The Girl in the Spider’s Web: A New Dragon Tattoo Story – Review

Worth seeing: as a desperate, posthumous reboot of a once interesting franchise that plods predictably and unconvincingly through the Scandi-noir formula
Director:Fede Alvarez
Featuring:Claire Foy, Cameron Britton, Christopher Convery, Claes Bang, Lakeith Stanfield, Stephen Merchant, Sverrir Gudnason, Sylvia Hoeks, Synnøve Macody Lund, Vicky Krieps
Length:115 minutes
Certificate:15
Country:Sweden, US
Released:21st November 2018

WHAT’S IT ABOUT?

Abused as a young girl, Lisbeth Salander (Claire Foy) has focused her anger, as an adult, on “hurting men who hurt women.” Having previously been introduced to the vigilante in The Girl With The Dragon Tattoo, on this occasion, we first meet her as she’s meting out vengeance on an abusive husband.

Computer programmer Frans Balder (Stephen Merchant) is more interested in her other skill set – the underworld knows Lisbeth as one of the great hackers. He engages those services to try to steal back a programme he wrote while he was working for America’s National Security Agency, that gives the user control of other people’s nuclear weapons. He’s had a change of heart and wants his beast put beyond use.

But once Lisbeth gets it back from the NSA, she finds that returning it to Balder isn’t as straightforward as she’d anticipated.

NSA agent Edwin Needham (Lakeith Stanfield) turns up in Stockholm to try to get it back, while she also finds herself being hunted by the Swedish Secret Services and a ruthless criminal gang with connections closer to home than she could ever have imagined.

WHAT’S IT LIKE?

Stieg Larsson’s Millennium novels spawned three successful films, all of which travelled well outside his native Sweden, so well, in fact, that the first one was remade in English.

But the other two weren’t. Instead, seven years later, the franchise is being rebooted with an adaptation of novel number four, written well after Larsson’s premature death.

Along with the reboot comes a new cast, this time with most of the actors themselves being Scandinavian. Last time, it was Daniel Craig’s name that was used to sell the film; this time they’re hoping The Crown’s Claire Foy reviving an iconic character will be enough.

Perhaps having to have a reminder of the provenance of the character in the film’s title (“A  New Dragon Tattoo Story”) betrays a lack of confidence that this would work.

Indeed, the first obstacle thrown up is, like with another recent English-language feature starring Scandinavians, Paul Greengrass’s 22 July, there’s always something a little uncomfortable about watching an entire film with people speaking English in another accent. We see  the snow. We know it’s Stockholm. Let Claire Foy speak naturally and concentrate on her lines and character or just let the Swedes talk in Swedish and give us subtitles, as worked perfectly well for the first three films.

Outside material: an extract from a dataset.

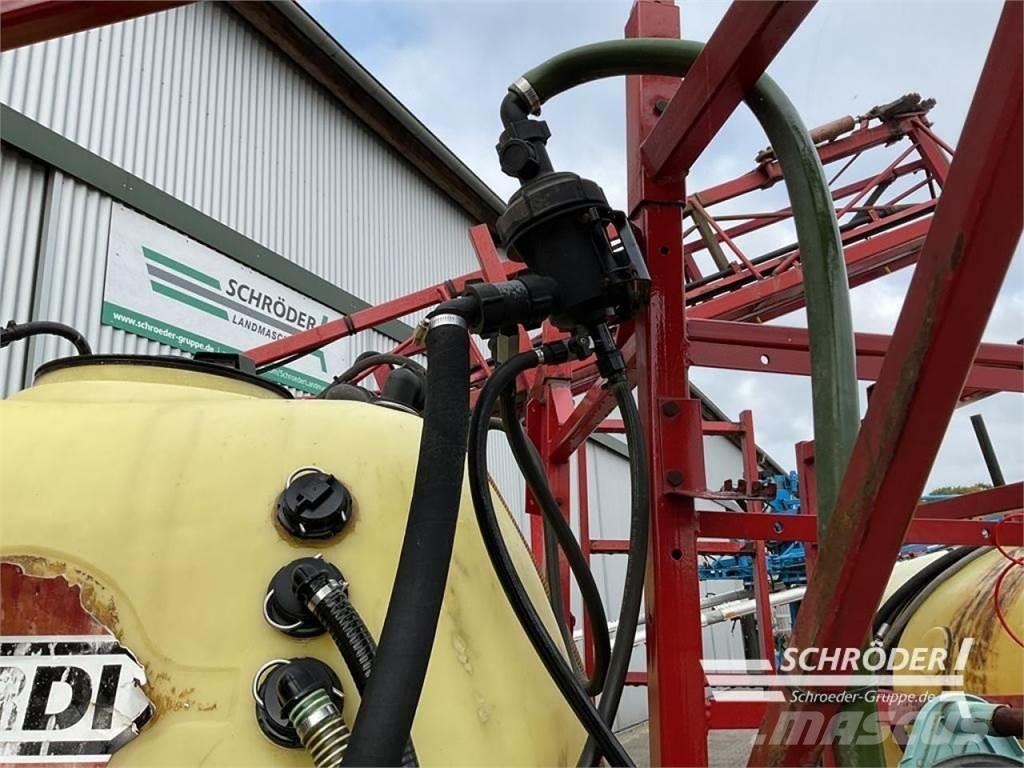 Hardi 462 TY Причіпні обприскувачі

That this is even notable is indicative of the fact that the film just isn’t engaging. For starters, the main characters themselves either lack empathy or feel redundant.

Clearly trying to shake off any reminders of Queen Elizabeth II, the brooding Foy never gives us a reason to care about what she has become and why she does what she does. Few films opt to have a deceitful, vengeful sociopathic goth as a protagonist and expect us to be rooting for them.

There’s also a sense that she’s in the wrong film. As clarified by the opening modern-day sequence, the girl with the dragon tattoo/in the spider’s web is a vigilante who hurts men who hurts women, but the primary plot is about a hacker who steals a computer programme that’s wanted by ruthless gangsters. The feminist revenge porn is almost entirely absent from a film about feminist revenge porn.

Then there’s the narrative, such as it is. There are so many meaningless twists and turns, many of which simply make no sense that you’ll give up trying to follow it. Huge gaps in the story-telling don’t help provide a mellifluous journey through Lisbeth’s world.

The industrial interiors compliment the stark, white exteriors but the monotony of airport lounges, warehouses, dilapidated factories, rundown housing estates begins to grate after a while.

There’s a little more to appeal to petrol-heads, with the only real thrills coming from a sleek, black Lamborghini and some motorcycle stunts, not least an escape across a frozen river.

There was almost a meaningful scene in which Lisbeth’s sister confronts her about why, with her vigilante hat on, she tried to save everyone else except her – but the response is so weak that it would’ve been better not to have asked the question in the first place, teasing the possibility that there might ever have been some depth to this shallow slice of Scandi-noir.